Below are records; from the line containing "液化石油气汽车罐车事故紧急处置措施.docx 第4页" through the very last line, output each line exactly. No pictures.

§ INFORMATION GIVEN
Start of Block

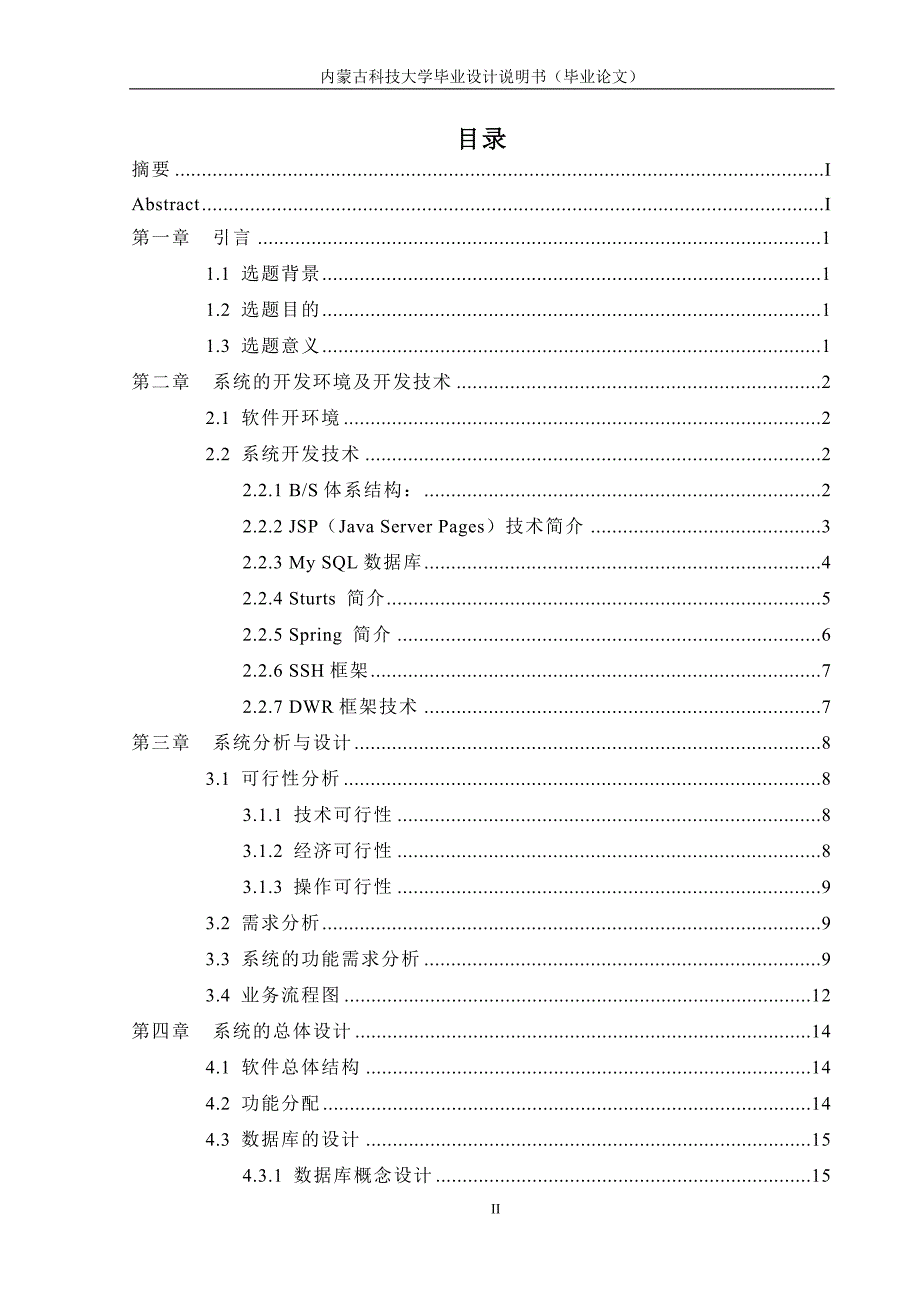 电商网站毕业设计论文资料_第4页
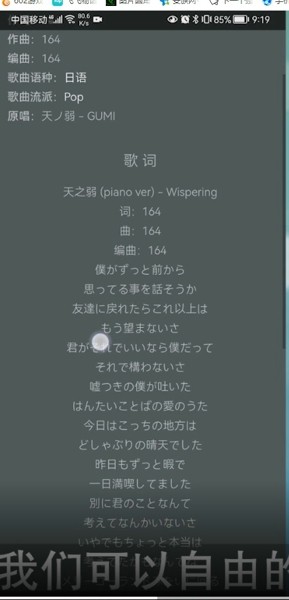 《QQ音乐》怎么复制歌词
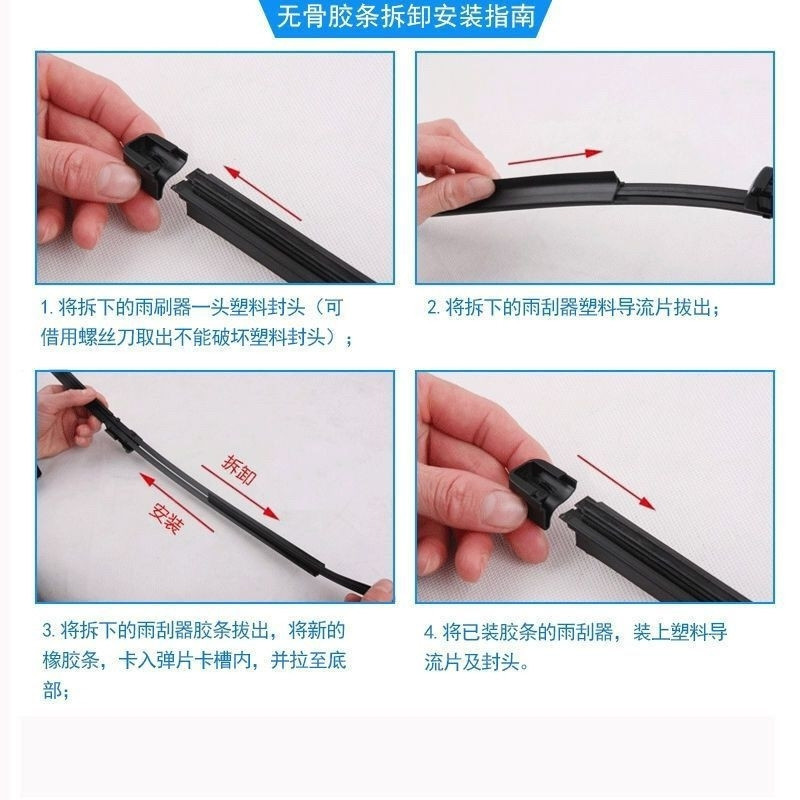 Applicable to Changan CS15/CS35/CS55/CS75 Wiper Strip UNIT/Yidong/Ruicheng CC/Wiper Strip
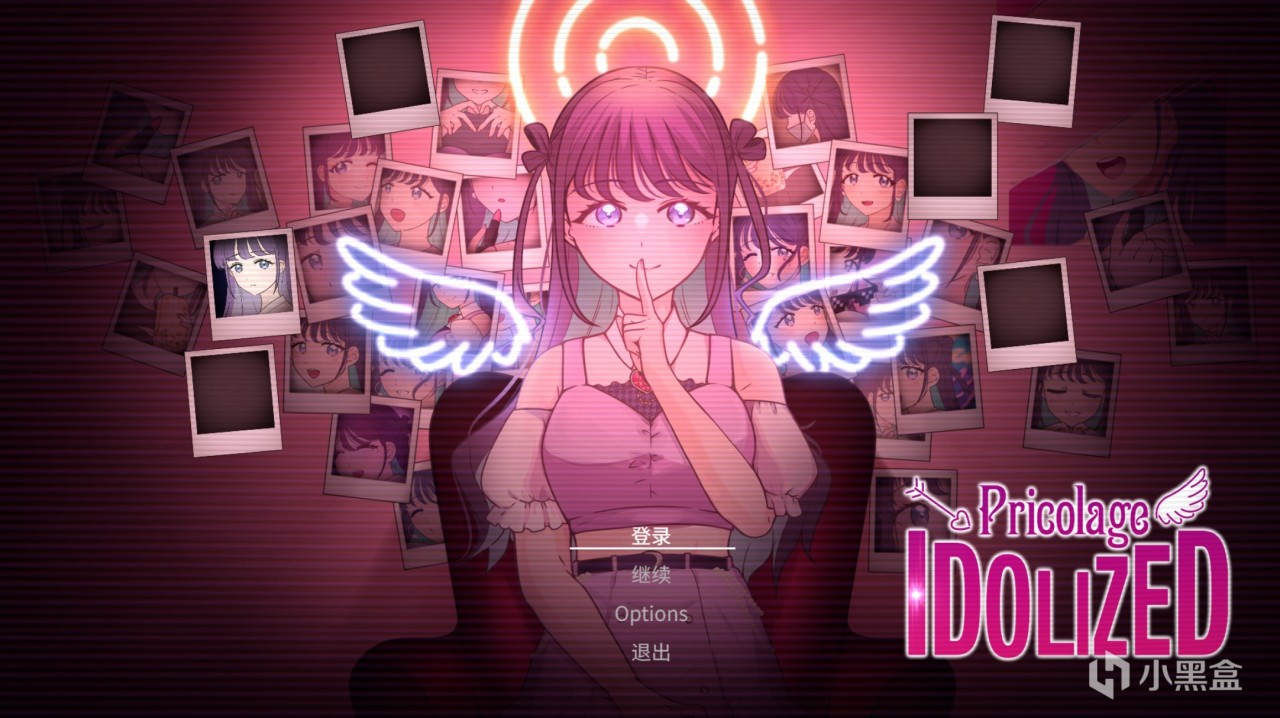 一位少女在开盒与被开之间选择了开摆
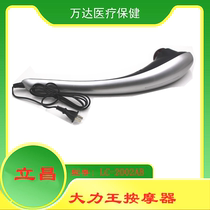Lichang King Massager massage stick shoulder cervical spine waist back massage massage LC-2002AB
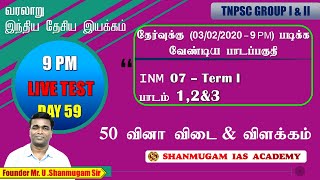 Modern indian history in tamil for tnpsc test - 59 |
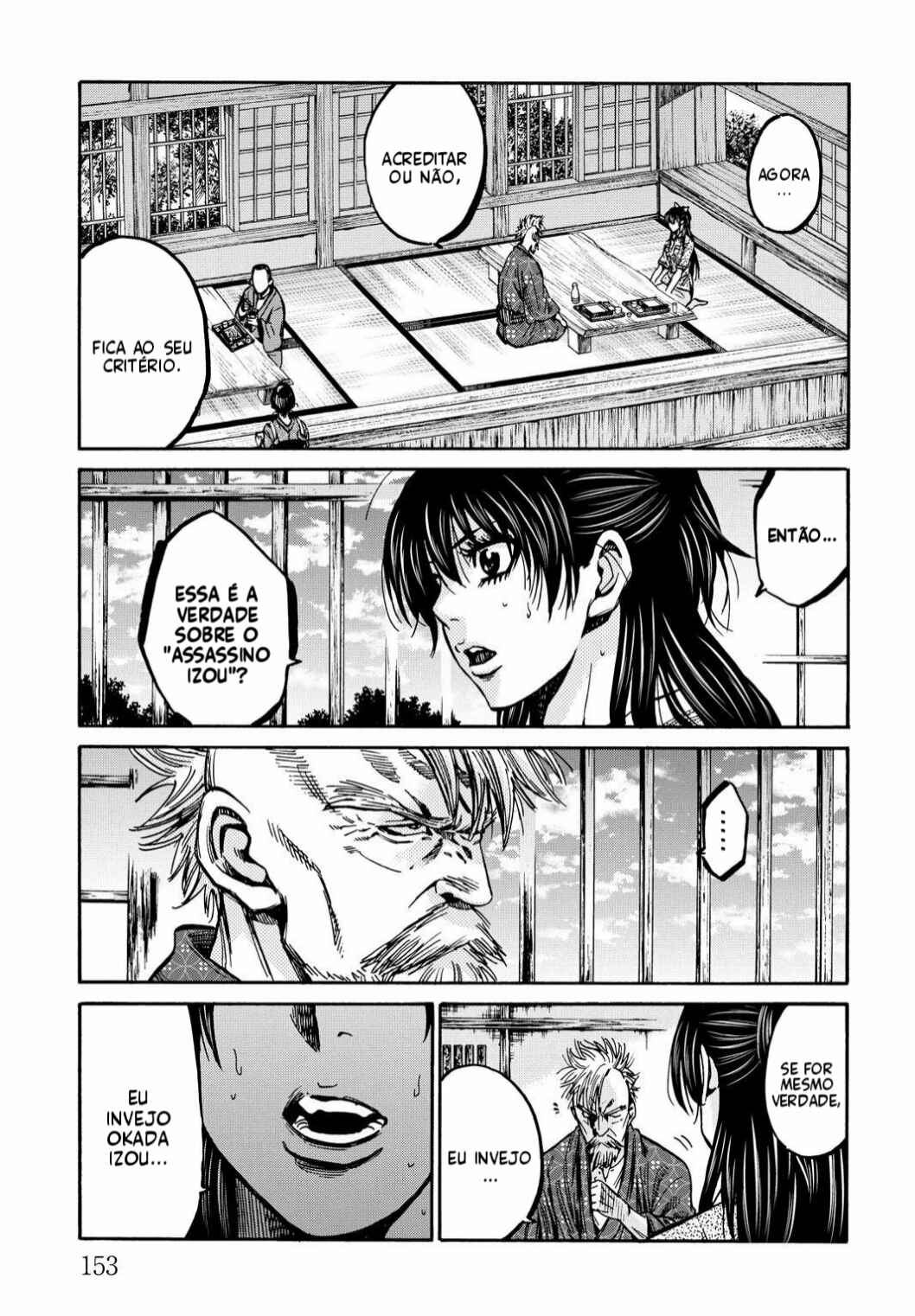 Chiruran: Shinsengumi Requiem Chapter 29 - Page 32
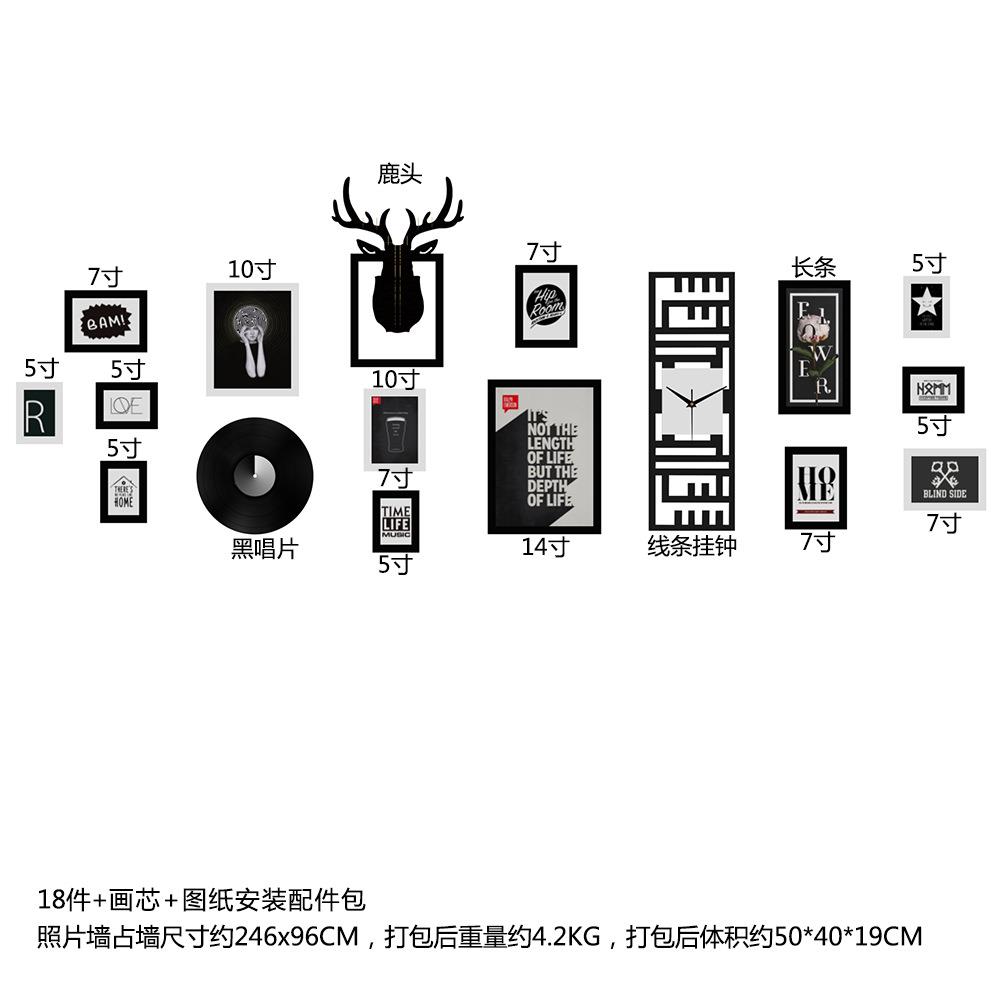高分子_474_大墙面简约照片墙复古组合相框鹿头装饰画可换相片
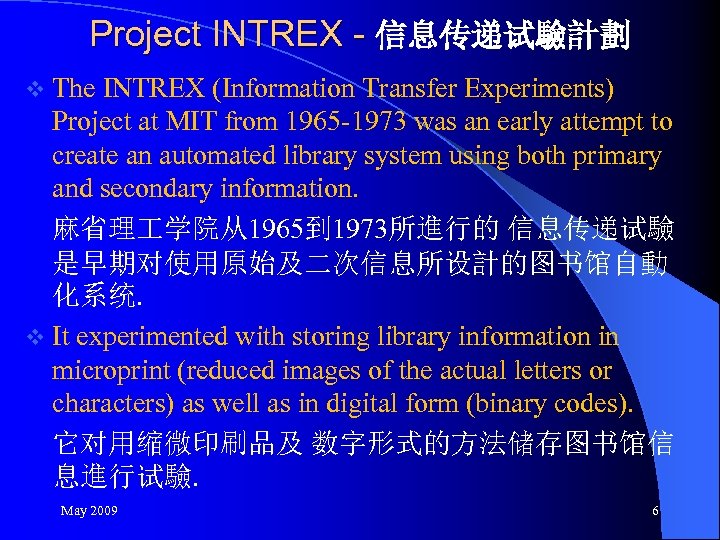 Project INTREX - 信息传递试驗計劃 v The INTREX (Information Transfer Experiments) Project at MIT from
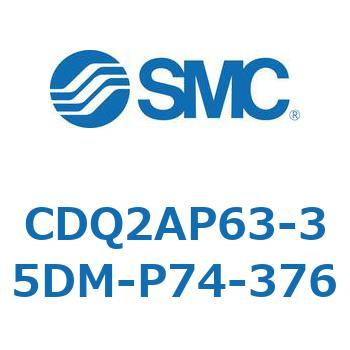 CD Series(CDQ2AP63) SMC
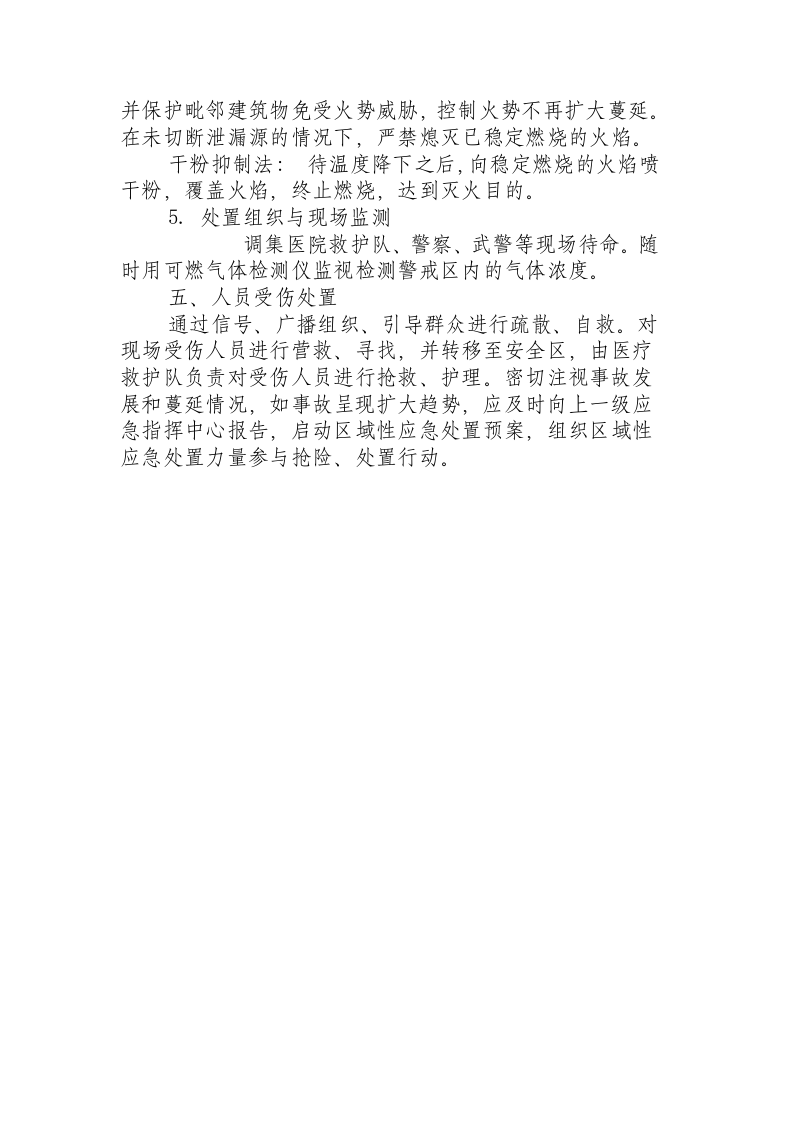 液化石油气汽车罐车事故紧急处置措施.docx 第4页
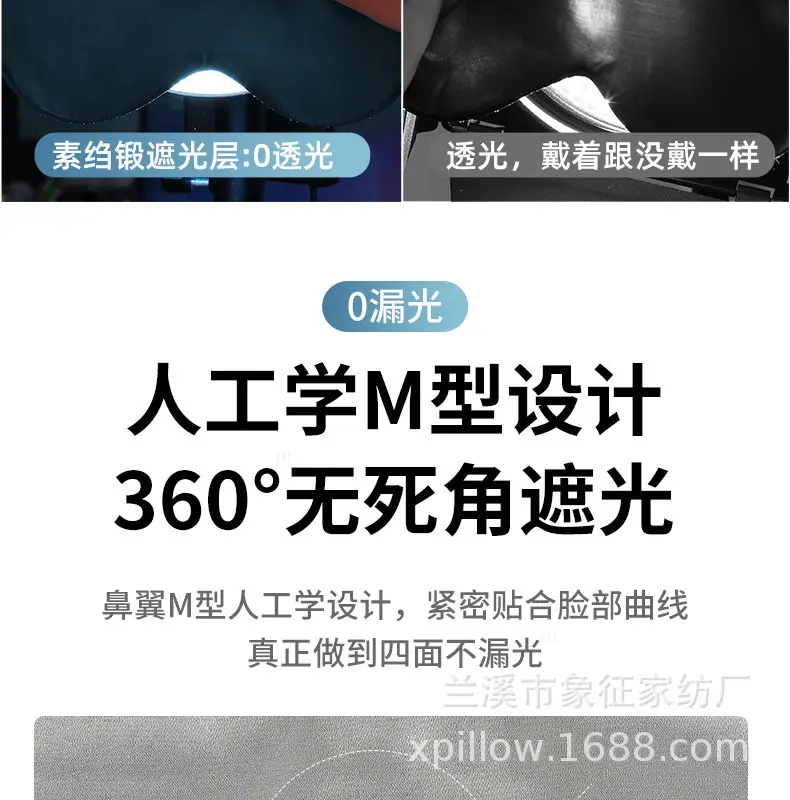 眼罩_10.jpg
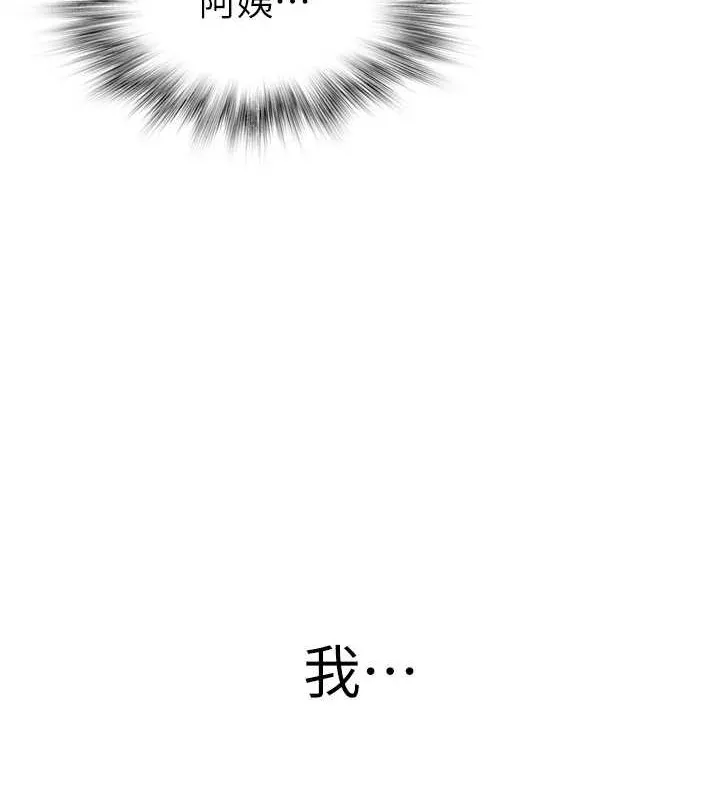 继母的香味 第90話-你能通過3P的考驗嗎? 第25页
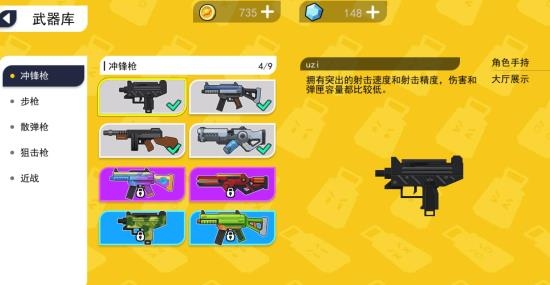 拉罐大作戰(zhàn)最新版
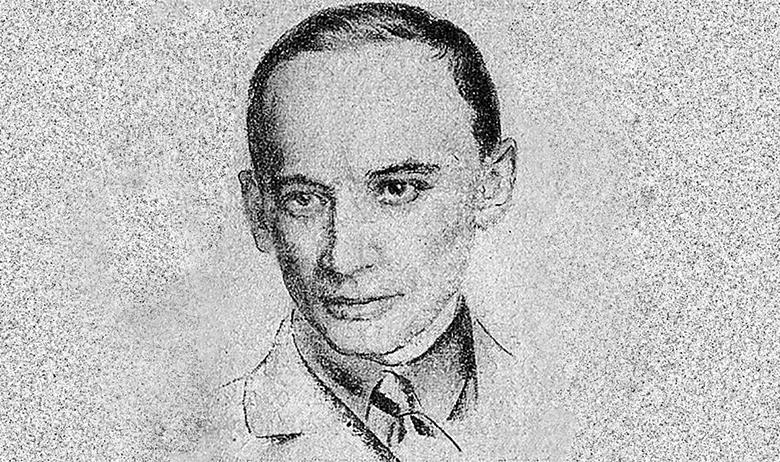 Глеб Бокий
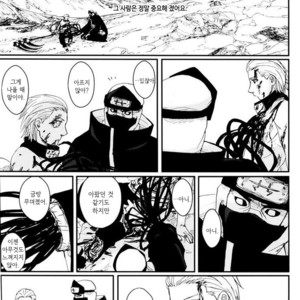 [Rauhreif/ Inoue Yuki] My Dear 80 years – Naruto dj [kr] – Gay Comics image 091.jpg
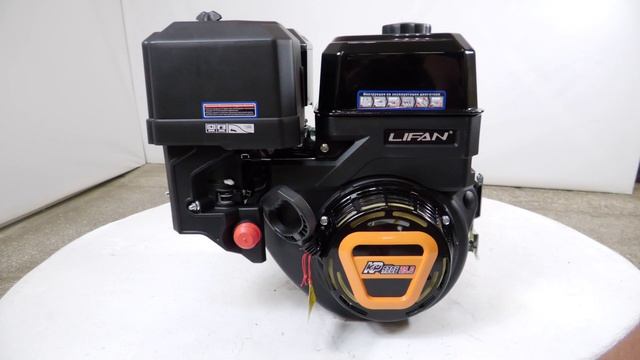 Двигатель LIFAN 25 л.с. KP 520E ЭЛ.СТАРТЕР с катушкой освещения 12В 18А 216Вт смотреть онлайн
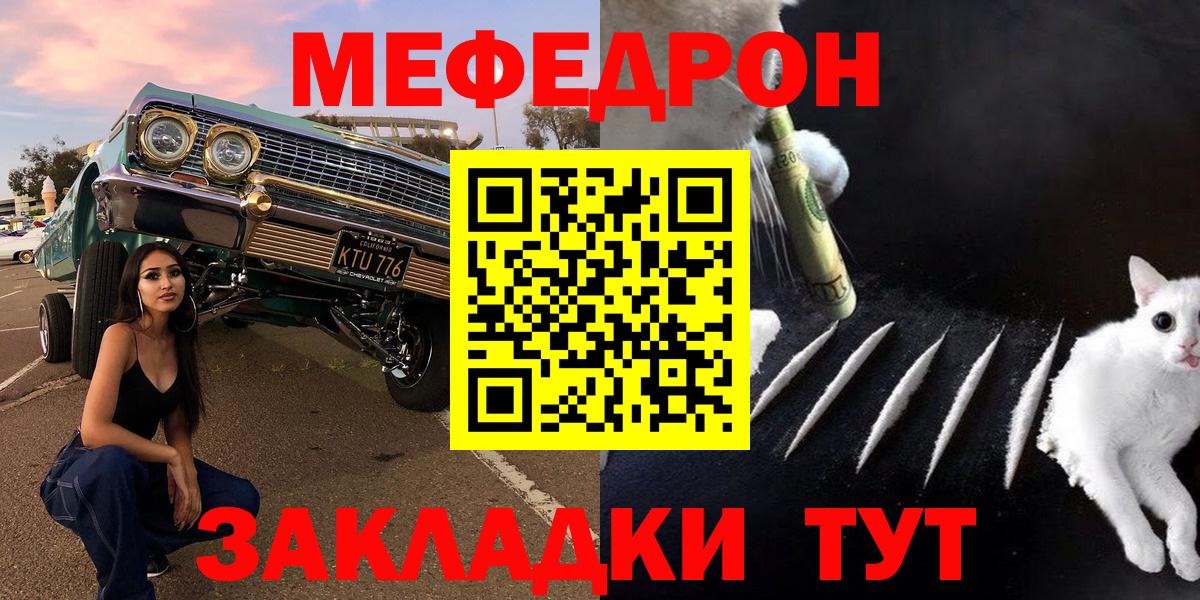 Мефедрон кристаллы Кинель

End of Block

§ WORKED SOLUTION
 液化石油气汽车罐车事故紧急处置措施.docx 第4页
 眼罩_10.jpg
 继母的香味 第90話-你能通過3P的考驗嗎? 第25页
 拉罐大作戰(zhàn)最新版
 Глеб Бокий
 [Rauhreif/ Inoue Yuki] My Dear 80 years – Naruto dj [kr] – Gay Comics image 091.jpg
 Двигатель LIFAN 25 л.с. KP 520E ЭЛ.СТАРТЕР с катушкой освещения 12В 18А 216Вт смотреть онлайн
 Мефедрон кристаллы Кинель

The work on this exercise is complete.